What you read is as much a subjective choice as what you eat and wear, whom you befriend. So now and then, when a reader asks me to recommend books for him to read, I am left paralysed
One of the hazards of being a columnist is that, now and then, a reader asks me to recommend books. And I am left paralysed. It’s hard enough to determine what books my friends might appreciate, but to provide a reading list to a complete stranger? Impossible, and to show you why, let me give you a scenario: You stop a man in the street and ask him, “Can you tell me what clothes I should wear?” And when he hurries away because he thinks you’re bonkers, you pursue him, crying out, “Can you also tell me what food I should eat?”
What you read is as much a subjective choice as what you eat and wear, who you live with and befriend. Since we speak of ‘tastes’ in reading, a culinary analogy may not be inappropriate. Let’s say you’re new in town and you ask me to recommend a restaurant. Obviously, my first question to you would be: What kind of food are you looking for? My advice would depend on whether you prefer South Indian, Italian, Japanese, Arabian, Mexican... your budget, where you live, how far you’re prepared to travel to eat... a whole host of such factors. Why should it be any different with books? First, you specify your preferences: non-fiction, poetry, adventure, mystery, romance; pulp, porn, highbrow or inspirational stuff; Indian, European, African, South American authors; philosophy, science, travel, and so on. And then you look for guidance from — who, me? The Internet, I was going to say.
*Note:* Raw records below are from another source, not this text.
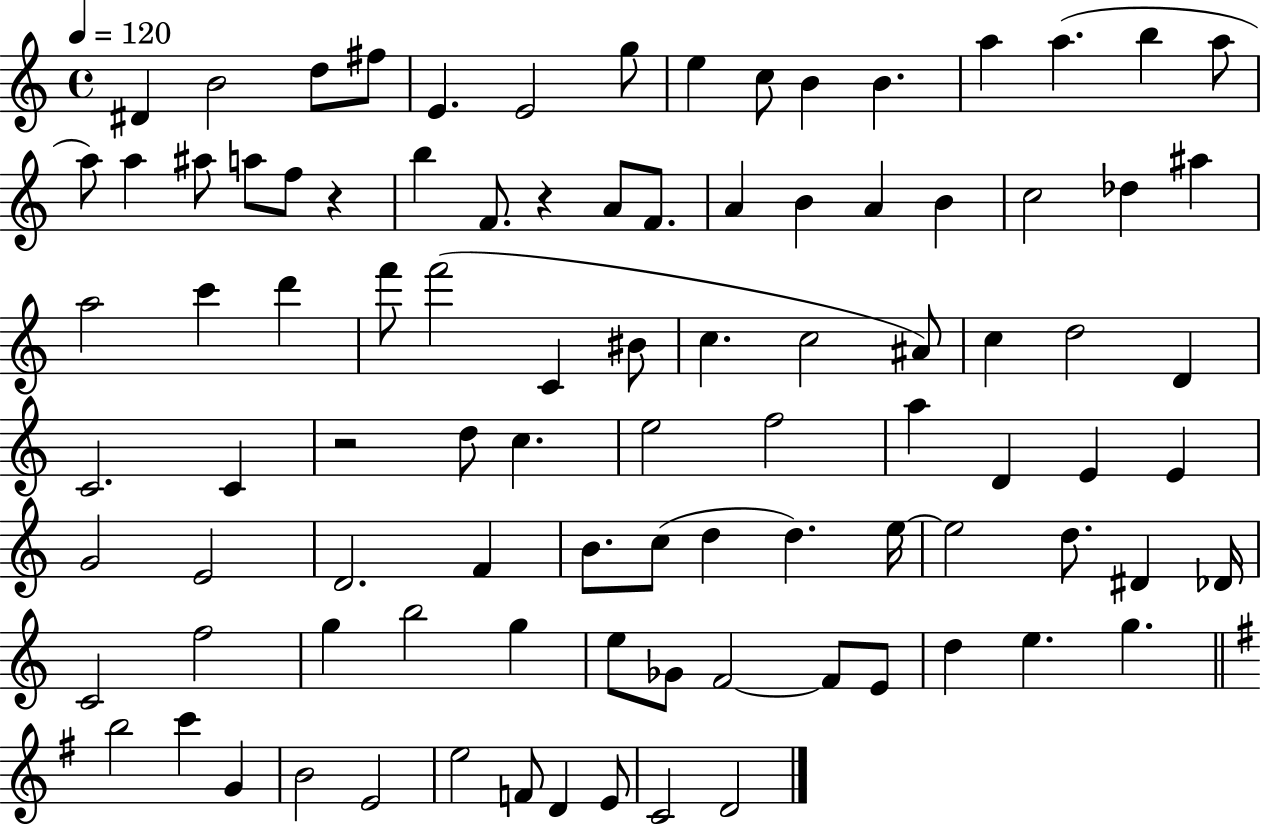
{
  \clef treble
  \time 4/4
  \defaultTimeSignature
  \key c \major
  \tempo 4 = 120
  dis'4 b'2 d''8 fis''8 | e'4. e'2 g''8 | e''4 c''8 b'4 b'4. | a''4 a''4.( b''4 a''8 | \break a''8) a''4 ais''8 a''8 f''8 r4 | b''4 f'8. r4 a'8 f'8. | a'4 b'4 a'4 b'4 | c''2 des''4 ais''4 | \break a''2 c'''4 d'''4 | f'''8 f'''2( c'4 bis'8 | c''4. c''2 ais'8) | c''4 d''2 d'4 | \break c'2. c'4 | r2 d''8 c''4. | e''2 f''2 | a''4 d'4 e'4 e'4 | \break g'2 e'2 | d'2. f'4 | b'8. c''8( d''4 d''4.) e''16~~ | e''2 d''8. dis'4 des'16 | \break c'2 f''2 | g''4 b''2 g''4 | e''8 ges'8 f'2~~ f'8 e'8 | d''4 e''4. g''4. | \break \bar "||" \break \key g \major b''2 c'''4 g'4 | b'2 e'2 | e''2 f'8 d'4 e'8 | c'2 d'2 | \break \bar "|."
}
Earlier this month a reader pleaded with me to “share a few books you’ve been reading” — share the titles, presumably, and not the books themselves. I hedged the issue by asking him about his likes, to which he replied, “I prefer reading books which I can relate to.” Well said. It should a prescription for all my petitioners in future: read what you can relate to, and don’t rely on me since I may not relate to the same things you do. This particular reader mentioned that the last two books he had read were by Osho and Rohinton Mistry, which just goes to show you how unpredictable a person’s tastes can be.
I am taken aback by the confidence with which some readers place their trust in my judgement, and I keep trying to guess their objectives. Are they searching for books that would improve their language, their knowledge or their morals? Sadly, I can be of no help whatsoever in fulfilling any of these aims. Another guess: because they like my writing and they think it is inspired by the authors I read, they conclude that they would also like the authors I read. This is a precarious line of thought, which might end in disappointment. I could mention books that have stimulated, enriched or entertained me, but I can’t guarantee that they will have a similar effect on the rest of the world. It’s like how Jeeves retires with an “improving book” that Bertie wouldn’t touch with a bargepole (and more’s the pity if you have no idea who I’m talking about).
There is only one category of person for whom you can authoritatively choose books: the very young. The poor things have no option but to read what you foist on them. But it would be an insult to you, my readers, to treat you like children in their formative years. Before I draw up a ‘must-read list’ (I hate that phrase and concept) for you, I must know you inside out: Have you newly migrated to the reading kingdom or are you a long-time resident? How do you lean, politically speaking? Are you a cynic, a romantic, a pessimist, a pragmatist? Are you looking for useful tips or just a good laugh? What stage of life are you at, what experiences have you been through? Have your tastes changed with age? Do books occupy the core of your existence or do they sort of float about wispily at the periphery?
Actually, I don’t believe you need to borrow another’s tastes; read widely and wildly, and you will automatically develop your own. Don’t be shy of declaring your preferences, even if they get you branded as outdated or lowbrow. Here’s a delicate point: should you bite off more than you can chew? I’m referring to books that (can I say this without sounding snooty?) go above your head (no I can’t). You could try ploughing through them, but ask yourself, is it worth the effort? Misreading them — or worse, pretending to have read them — can be acutely embarrassing. Look at what celebs reply when asked what they’re currently reading. Some actor, out to prove that he’s more than just a pretty face, will mention an ‘important’ book and then, in a dazzling display of stupidity, describe it to us. For instance, he might say, “I recently read the modern classic called Catch 22. It is very inspiring because it tells us about the brave American soldiers who gave their lives for their country.” I swear I’ve read quotes very like this one.
Readers, be warned. If you give me that classic line “Read any good books lately?” my response would be, “What do you mean by ‘good’?” Or else I might end our chat abruptly with two little words: “Read mine.”